Task instructions:
Could you output each line below exactly as it appears, excluding any pictures?

Supplied data:

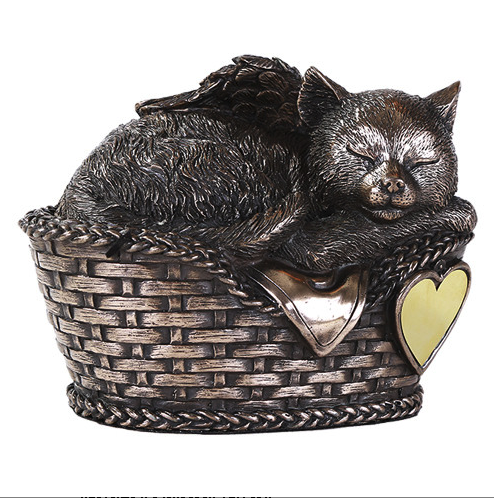 Fur-Ever Sleeping Cat Urn Statue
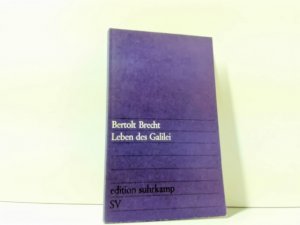 gebrauchtes Buch – Bertolt Brecht – Leben des Galilei : Schauspiel ; Edition Suhrkamp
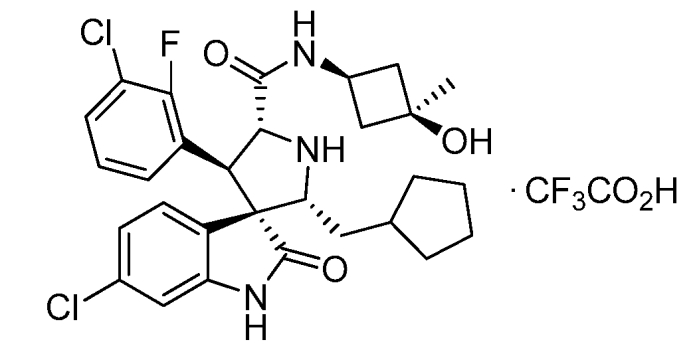 Спирооксиндольные антагонисты mdm2 (патент 2553269)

Reply to the exercise:
 Fur-Ever Sleeping Cat Urn Statue
 gebrauchtes Buch – Bertolt Brecht – Leben des Galilei : Schauspiel ; Edition Suhrkamp
 Спирооксиндольные антагонисты mdm2 (патент 2553269)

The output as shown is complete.